• **Available records**:
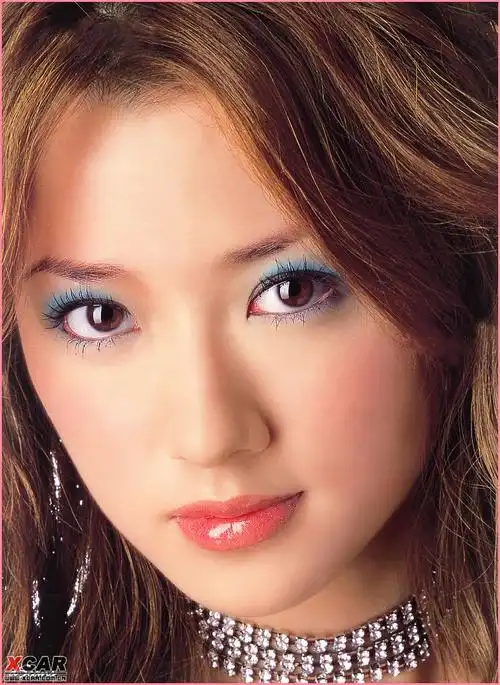 【图】美女的大头照你喜欢哪个_1_妞开妞车_爱卡汽车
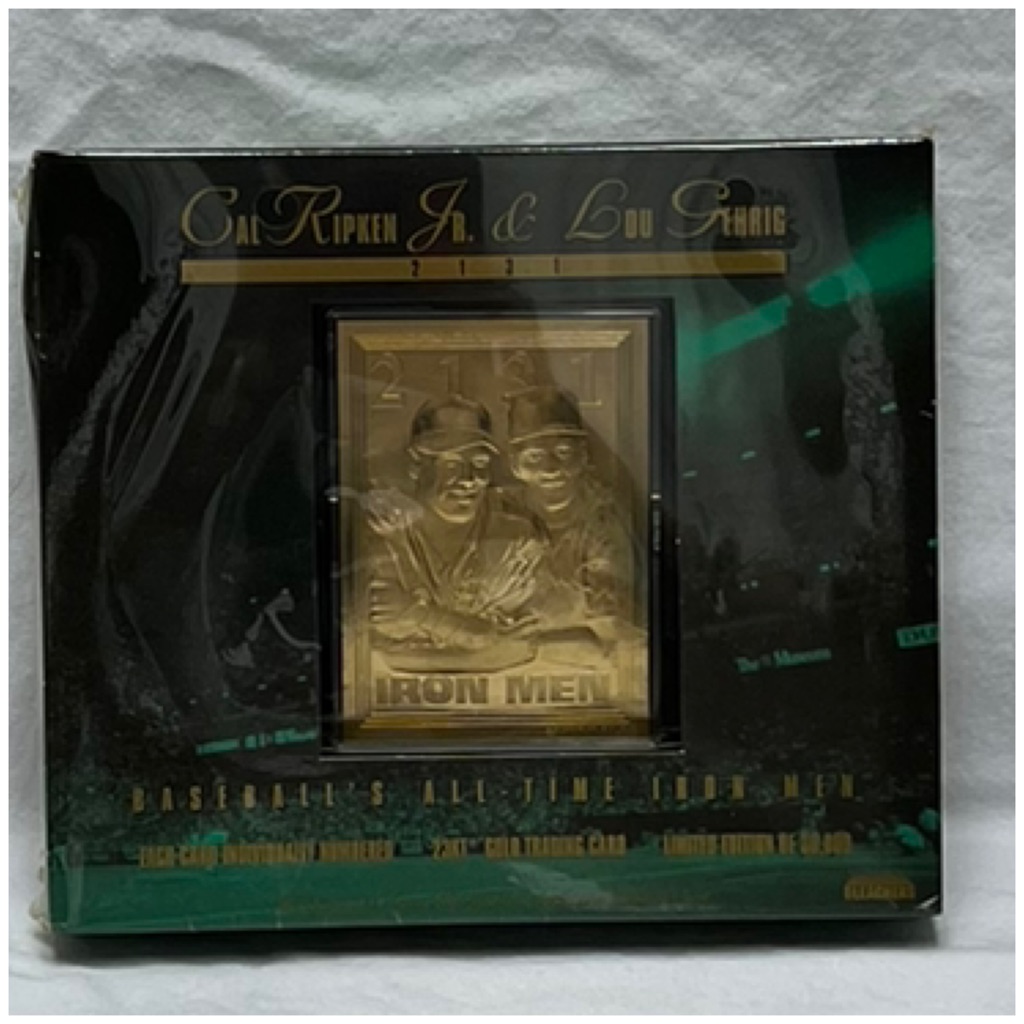 Factory Sealed
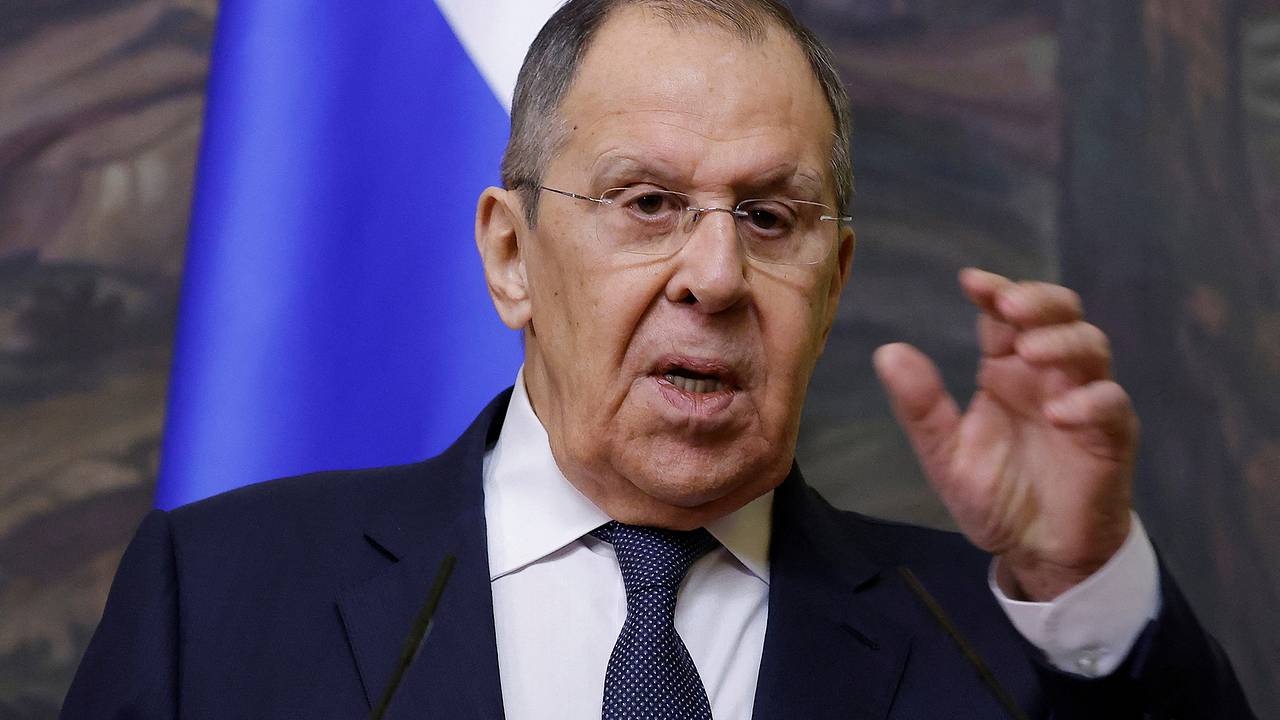 Лавров раскрыл позицию России по зерновой сделке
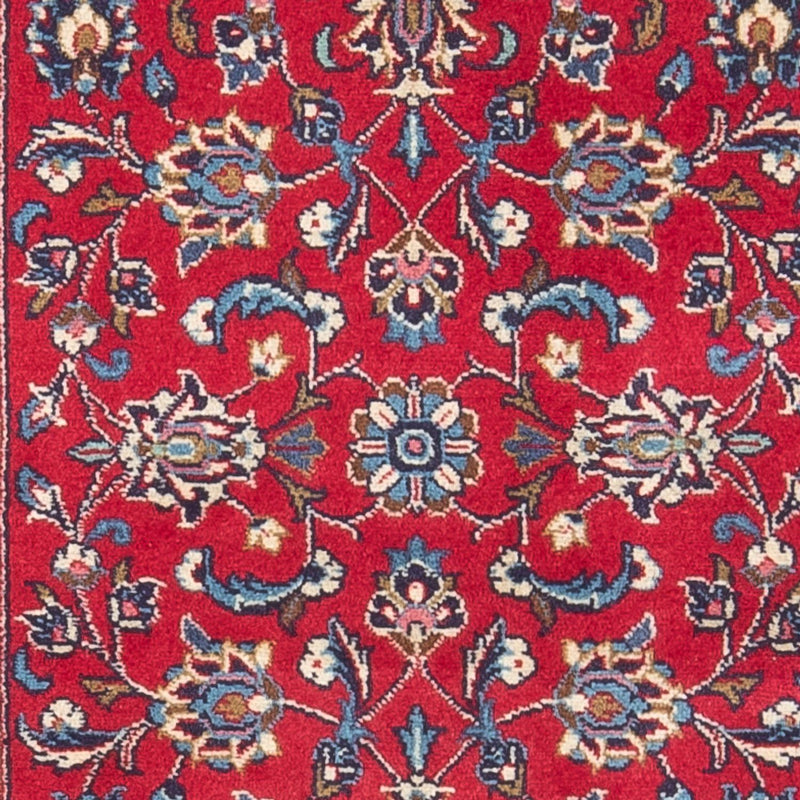 Perserteppich - Keshan - 142 x 68 cm - rot
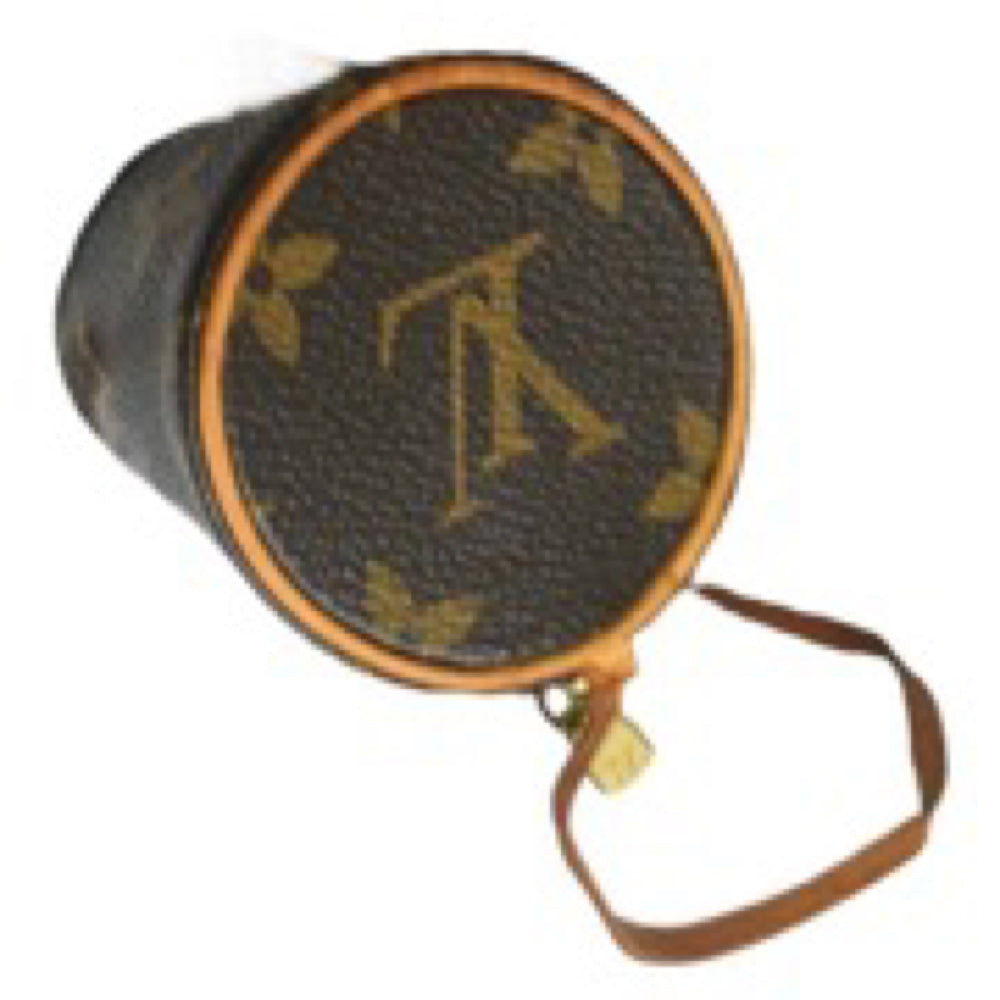 Bolso Louis Vuitton Mini Papillon, bueno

• **Problem to work on**:
Write out exactly the lines from the one containing "Perserteppich - Keshan - 142 x 68 cm - rot" to the last line of the records above, both included, and leave out any pictures.

• **Response to the task**:
 Perserteppich - Keshan - 142 x 68 cm - rot
 Bolso Louis Vuitton Mini Papillon, bueno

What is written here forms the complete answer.